§ RECORDS
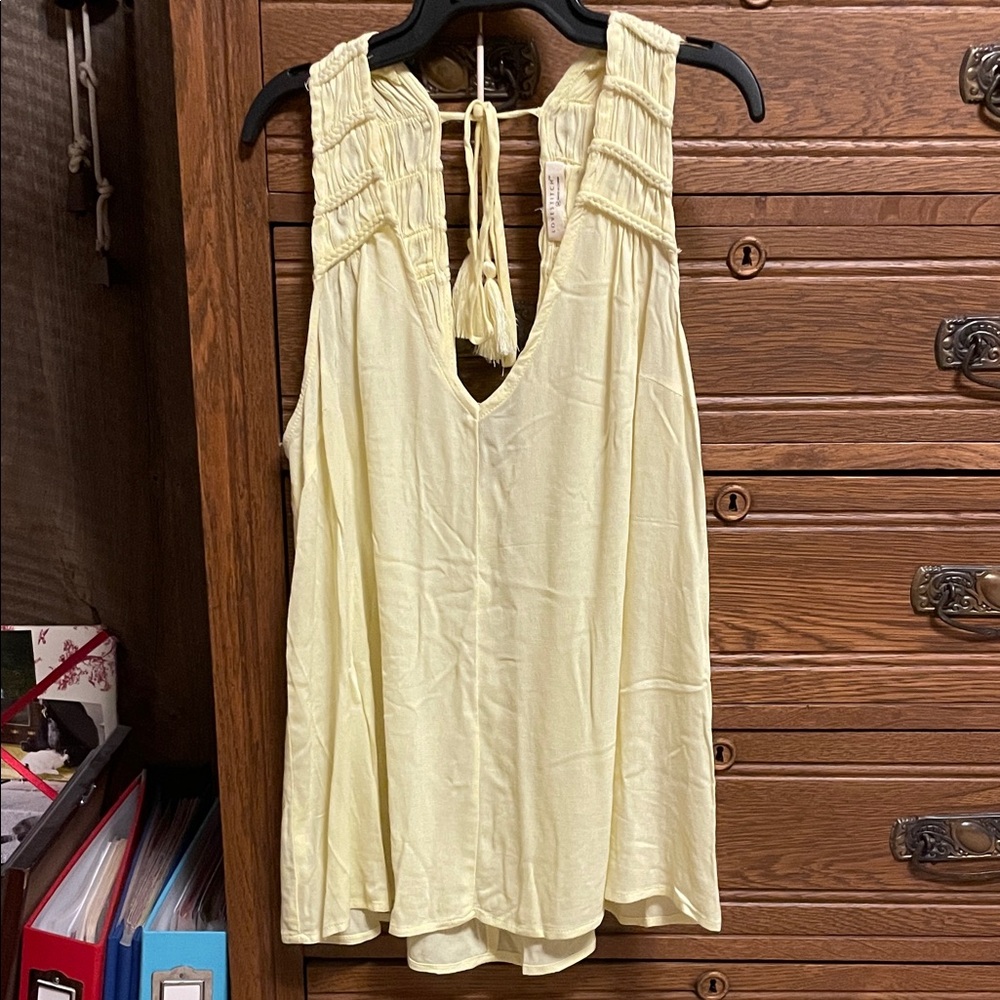 Lovestitch pale yellow Sleeveless rayon Blouse
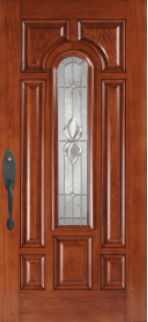 A Wooden Door with Rectangular Decorated Glass — Detroit, MI — Protector Window & Door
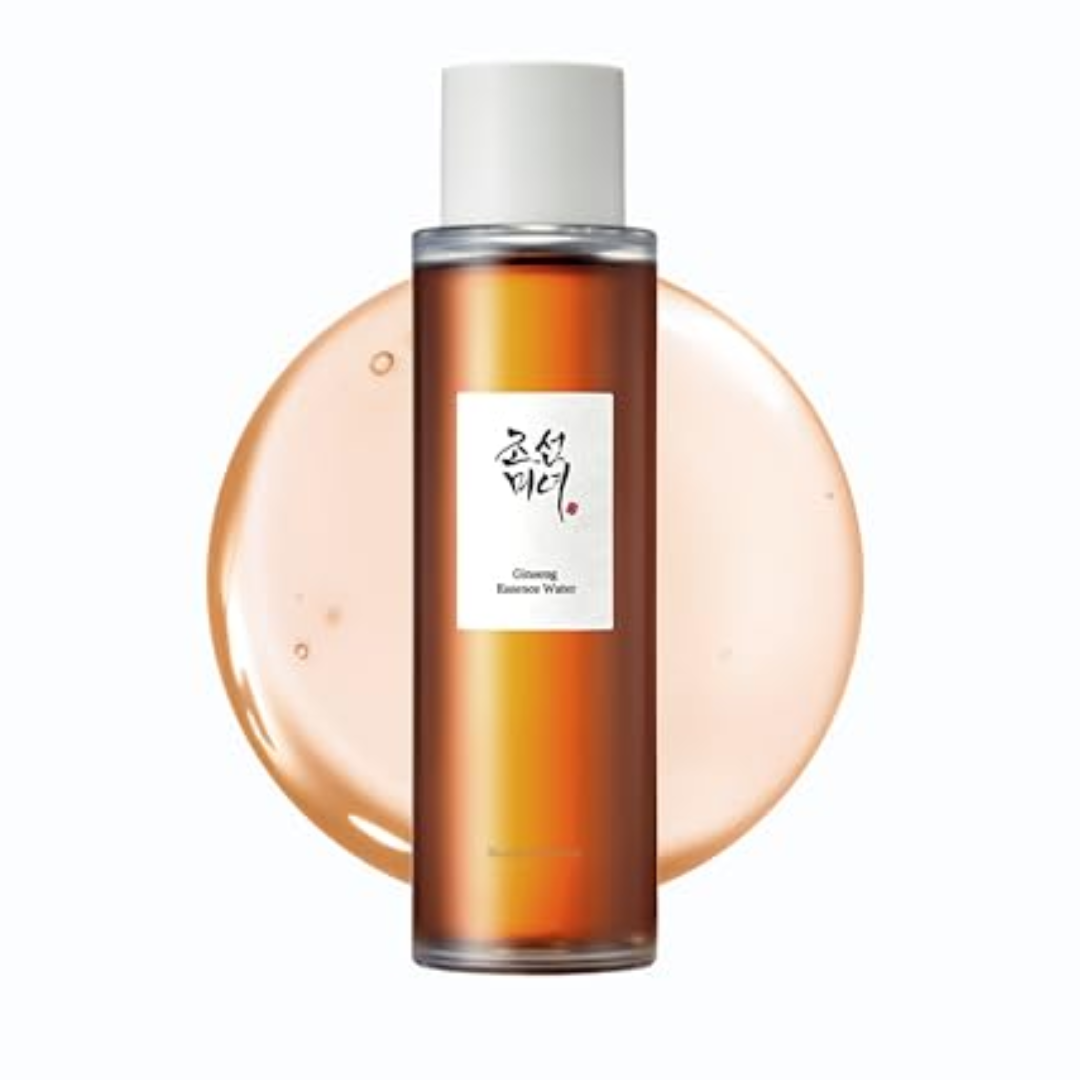 Skincare bottle with a label on a white background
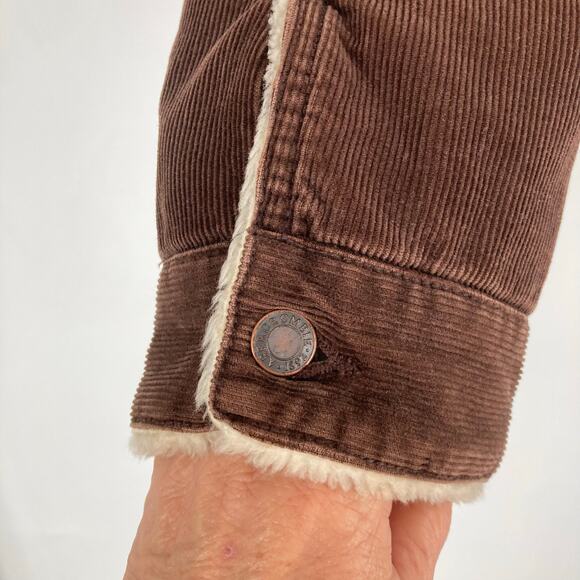 Abercrombie & Fitch Brown Corduroy Sherpa Lined Trucker Coat Western Y2K Medium - Picture 3 of 10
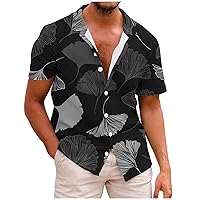 Short Sleeve Beach Shirts for Men Summer Funny Hawaiian Tee Tops Button Down Loose Fit Tropical Shirt Stylish T Shirt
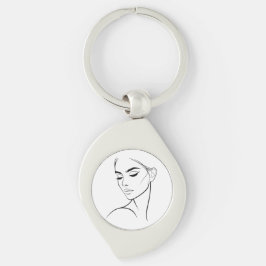Chaveiro Rosto Estético Feminino de Linha Abstrata Minimali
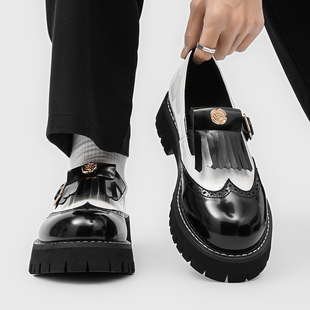 黑白琴键流苏乐福鞋男设计感布洛克一脚蹬德比鞋皮带扣厚底豆豆鞋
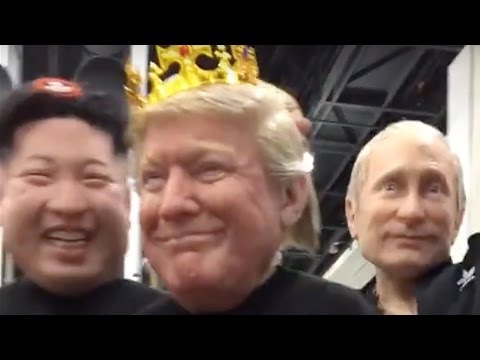 楽しそうにダンスを踊る金正恩、トランプ、プーチン？（出典：https://www.youtube.com）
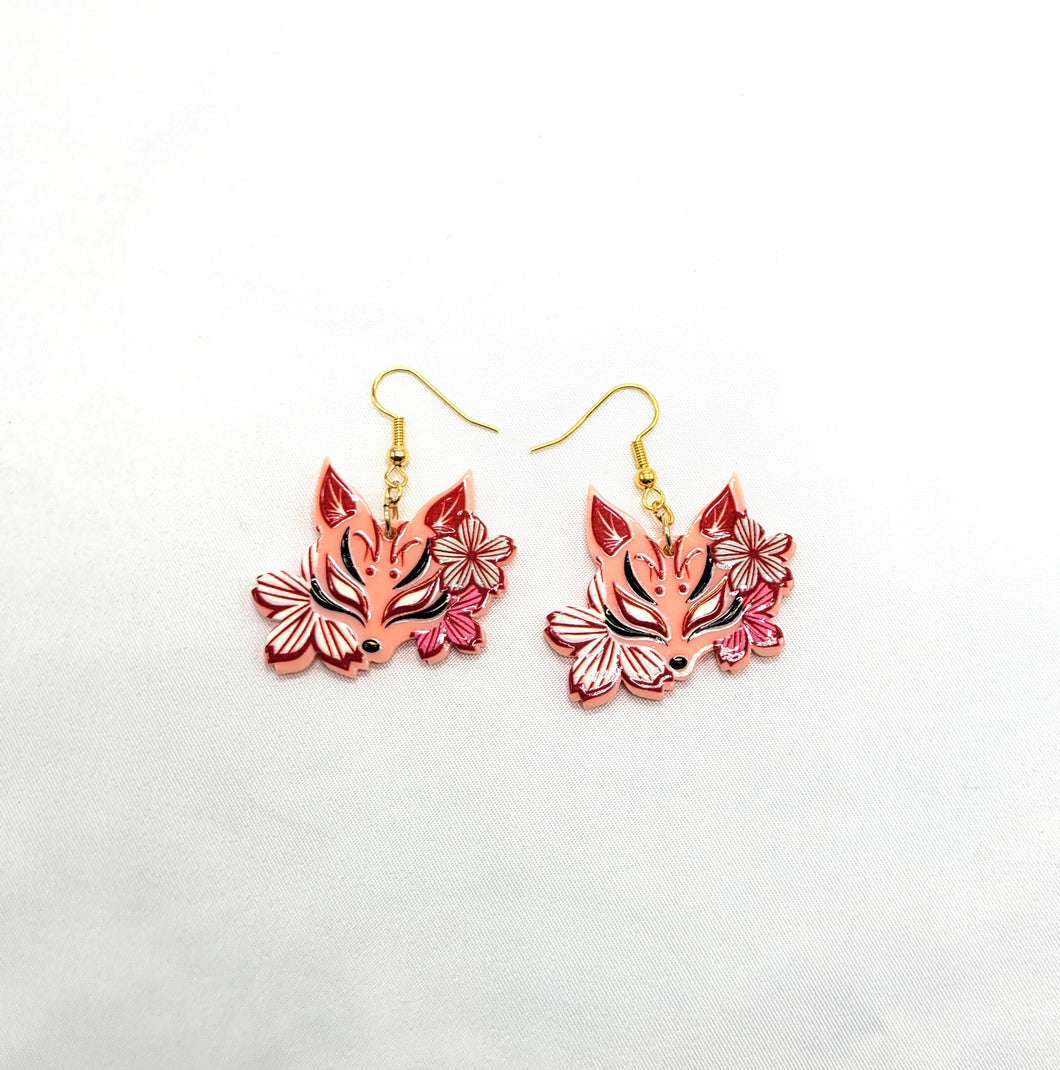 Floral Fox Earrings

§ TASK ITEM
Print the preceding material over again exactly. Please leave the pictures out.

§ OUTPUT OF THE EXERCISE
 Lovestitch pale yellow Sleeveless rayon Blouse
 A Wooden Door with Rectangular Decorated Glass — Detroit, MI — Protector Window & Door
 Skincare bottle with a label on a white background
 Abercrombie & Fitch Brown Corduroy Sherpa Lined Trucker Coat Western Y2K Medium - Picture 3 of 10
 Short Sleeve Beach Shirts for Men Summer Funny Hawaiian Tee Tops Button Down Loose Fit Tropical Shirt Stylish T Shirt
Chaveiro Rosto Estético Feminino de Linha Abstrata Minimali
 黑白琴键流苏乐福鞋男设计感布洛克一脚蹬德比鞋皮带扣厚底豆豆鞋
 楽しそうにダンスを踊る金正恩、トランプ、プーチン？（出典：https://www.youtube.com）
 Floral Fox Earrings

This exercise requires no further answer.